Bile Cu concentrations have been used to evaluate the bioavailability of various Cu sources in Cu-deficient chicks fed between 0 and 2 mg Cu/kg diet (Aoyagi and Baker, 1993). Bowland et al. (1961) reported that biliary excretion of Cu is the primary route of excreting absorbed Cu in pigs. Therefore, biliary Cu excretion was used to assess the bioavailability of CuCit relative to CuSO4. Bile Cu was higher (P < .01) in animals receiving diets supplemented with 225 ppm Cu as CuSO4 in Exp. 1 and 2. The lower concentrations of supplemental Cu did not increase (P > .10) bile Cu compared to the control treatment.
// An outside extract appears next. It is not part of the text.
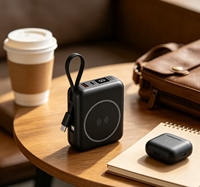 Batterie externe magnétique sans fil 10000mAh, charge rapide 22.5W, chargeur portable avec écran LCD, câble Type-C intégré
According to the current data, neither liver nor bile Cu concentrations provide an accurate means to assess bioavailability in pigs fed adequate to pharmacological concentrations of Cu.

Summary

Supplemental Cu in the form of CuCit appears to be as effective as CuSO4 as a Cu source for weanling and grow-finish pigs. However, there was no effect of Cu, regardless of Cu source, on growth performance; therefore, it is difficult to make an accurate assessment on the efficacy of CuCit relative to CuSO4 as a Cu supplement. In addition, liver and bile Cu concentrations were not reliable indicators of bioavailability of Cu sources in pigs when adequate to pharmacological concentrations of Cu were fed.

References

Aoyagi, S. and D.H. Baker. 1993. Biological efficacy of copper in chicken bile. J. Nutr. 123:870-875.

Bowland, J.P., R. Braude, A.C. Chamberlain, R.F. Glasscock, and K.G. Mitchell. 1961. The absorption, distribution and excretion of labeled copper in young pigs given different quantities, as sulfate or sulfide, orally or intravenously. Br. J. Nutr. 15:59-72.

Cromwell, G.L., T.S. Stahly, and H.J. Monegue. 1989. Effects of source and level of copper on performance and liver copper stores in weanling pigs. J. Anim. Sci. 67:2996-3002.

Pesti, G.M. and R.I. Bakalli. 1996. Studies on the feeding of cupric sulfate pentahydrate and cupric citrate to broiler chickens. Poult. Sci. 75:1086-1091.